IACR CHES Artifact Badges
New in 2024, authors can choose to have their artifacts evaluated by
the CHES Artifact Evaluation Committee (AEC) against three badges: Artifacts
Available, Artifacts Functional, and Artifacts Reproduced. Each evaluation is
optional. This system broadly follows the conventions established in recent years in
security research conferences
such as USENIX Security and NDSS.
IACR CHES Artifacts Available: To earn this badge, the AEC must judge
that artifacts associated with the paper have been made available for
retrieval. Other than making the artifacts available, this badge does
not mandate any further requirements on functionality, correctness,
or documentation.
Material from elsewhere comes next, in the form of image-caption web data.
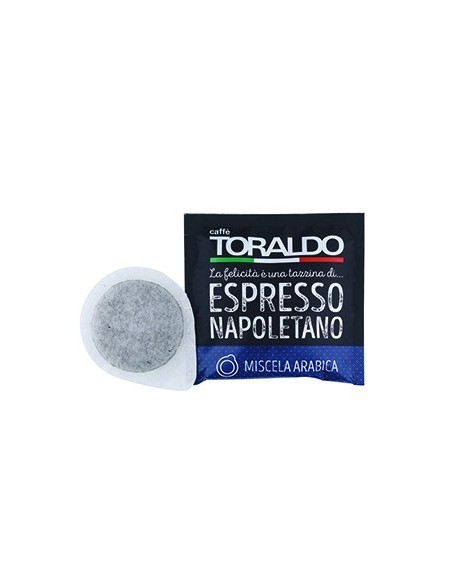 CAFFE TORALDO Cialda Miscela Arabica Cartone 150 Cialde diametro 44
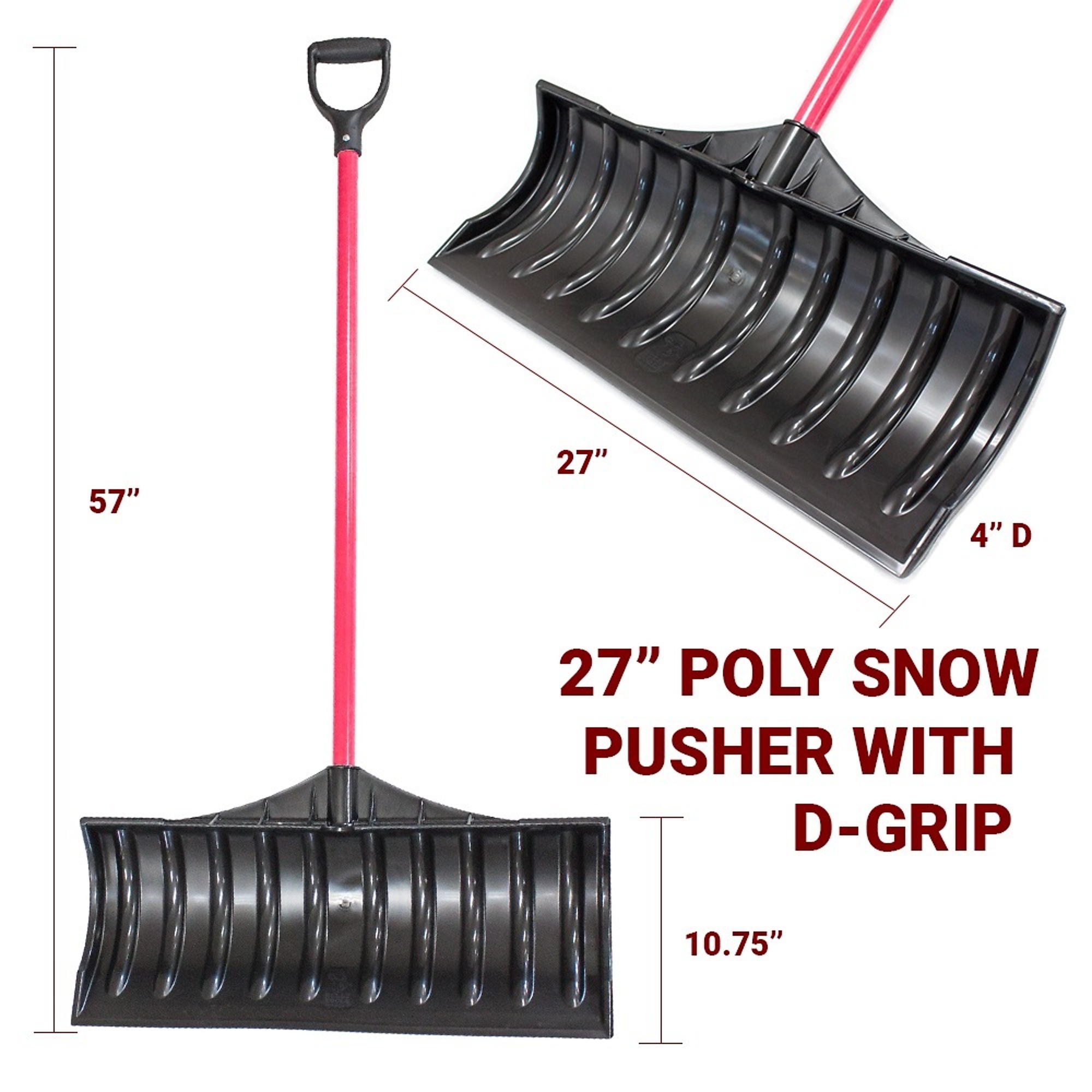 Bully Tools Poly Scoop, D-Grip 42-In. Handle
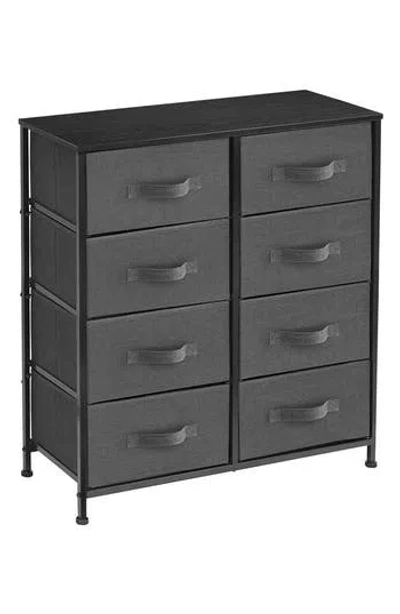 Sorbus 8-drawer Dresser In Black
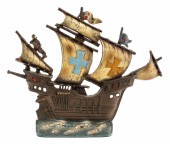 CAST IRON SHIP DOORSTOP Cast i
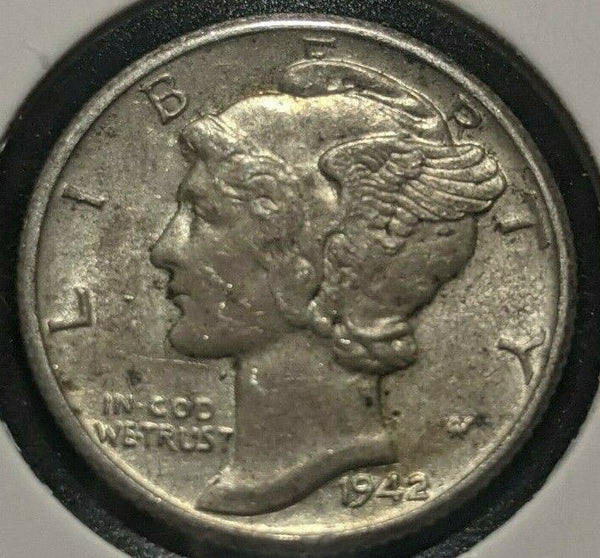 USA 1942 S Dime 10 cents 10c KM#140 Cleaned  #888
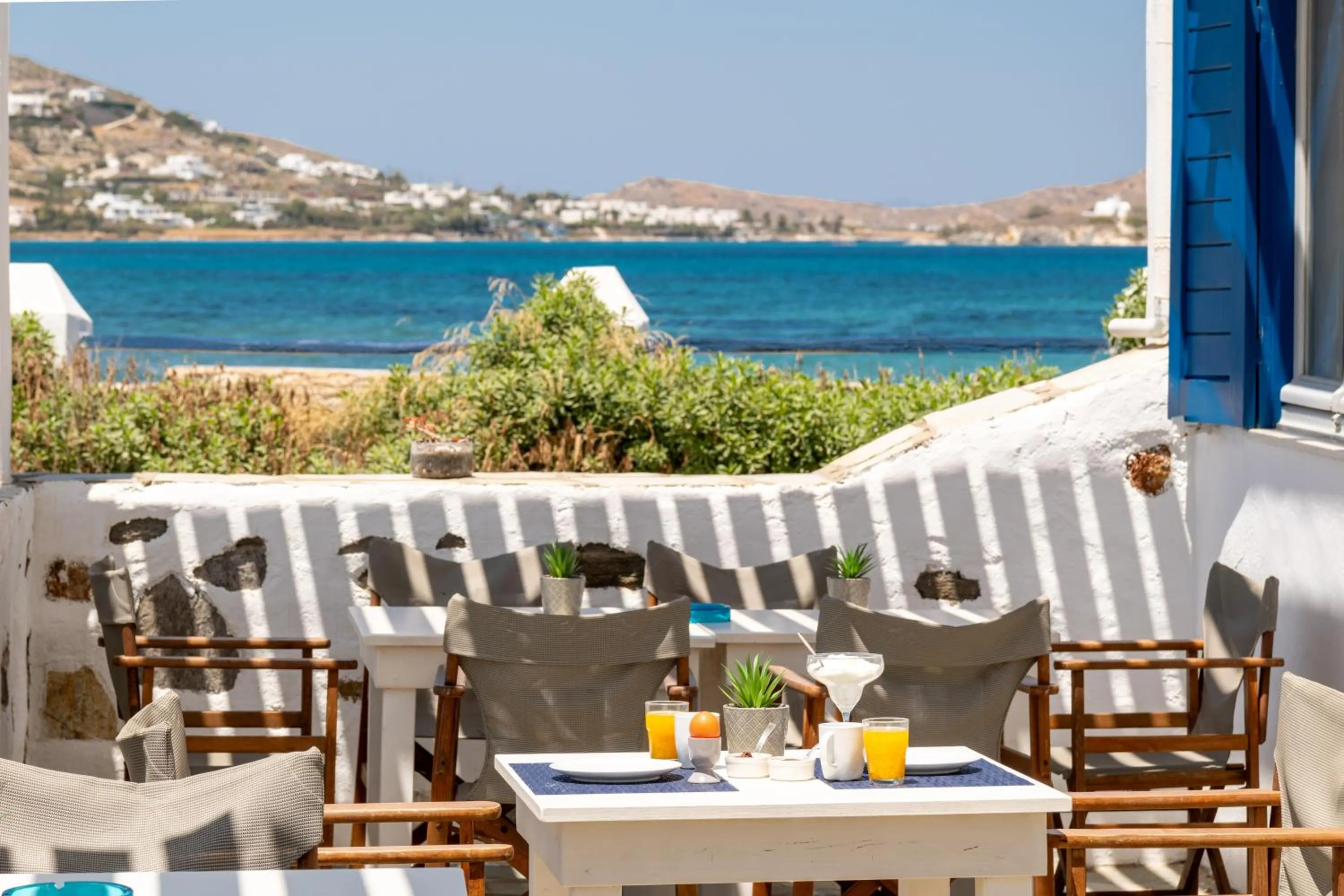 Breakfast in Naoussa Hotel Paros by Booking Kottas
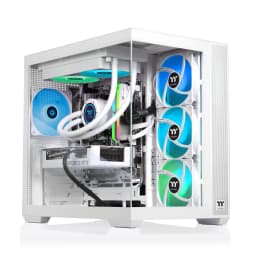 Thermaltake - LCGS View 7880S-380 Gaming Desktop AMD Ryzen 7 7800X3D 2023, 32GB DDR5, NVIDIA GeForce RTX 5080, 1TB NVMe M.2 - White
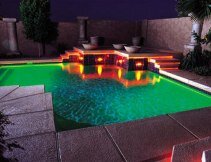 Применение светодиодная ленты для подсветки бассейнов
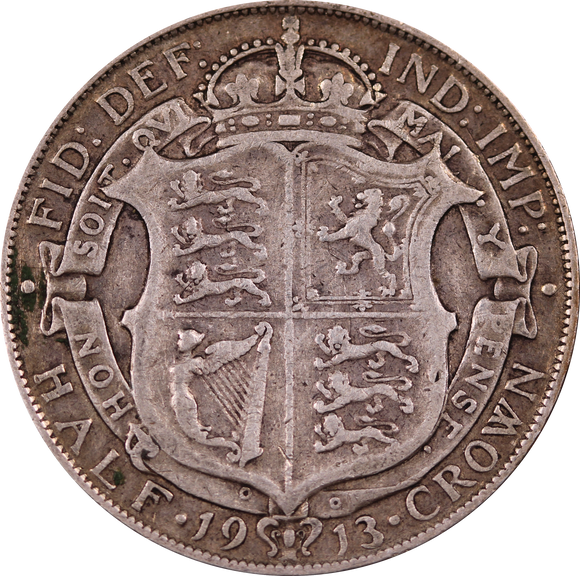 GB 1913 Half Crown Circulated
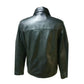 HARRINGTON SHEEP SOFT NAPPA BLACK LEATHER JACKET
This is intended for authors who simply wish to
make some supplementary material available that supports their paper.
Examples include data sets, large appendices, and other
documentation.
IACR CHES Artifacts Functional: To earn this badge, the AEC must
judge that the artifacts conform to the expectations set by the paper
in terms of functionality, usability, and relevance. The AEC will
consider four aspects of the artifacts in particular.
Documentation: are the artifacts sufficiently documented to
enable them to be exercised by readers of the paper?
Completeness: do the submitted artifacts include all of the key
components described in the paper?
Exercisability: do the submitted artifacts include the scripts and
data needed to run the experiments described in the paper, and
can the software be successfully executed?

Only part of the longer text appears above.